Anyway, we set out early in the morning to get to an area of untouched post-glacier land in Western Minnesota, where we started checking out hills. Did you know that there are some butterflies whose life-time range consists of the top of a single hill? Scientists call it “hilltopping”, but I call it a rather limited world view and a risky strategy. Nonetheless, there exist these butterflies called the pawnee skipper that are rare to begin with and, as humans level hills to make land for farming, they’re getting ever more rare.

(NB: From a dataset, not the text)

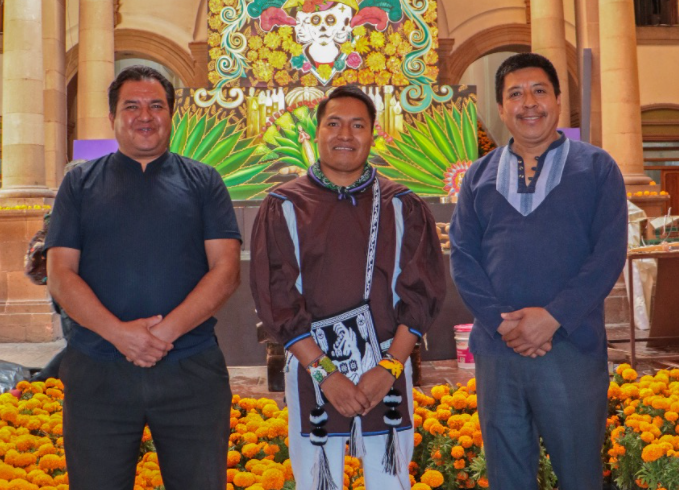 Ceremonia de Día de Muertos con pueblos originarios en Palacio Municipal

Counting them is also difficult, because they fly really quickly and they all look like one another (a not uncommon problem for counting a species, actually), so when we caught this guy, we put him in an envelope for a while to see if any more came out. We then saw two more, presumably fighting for the top of the hill, as we’d just caught the alpha male.

(Side note: Yes, you are living in a world in which there are not only alpha butterflies, but in which butterflies fight with one another to become alpha. Think of it as Barbie Mariposa and Her Butterfly Fairy Friends meets Fight Club.)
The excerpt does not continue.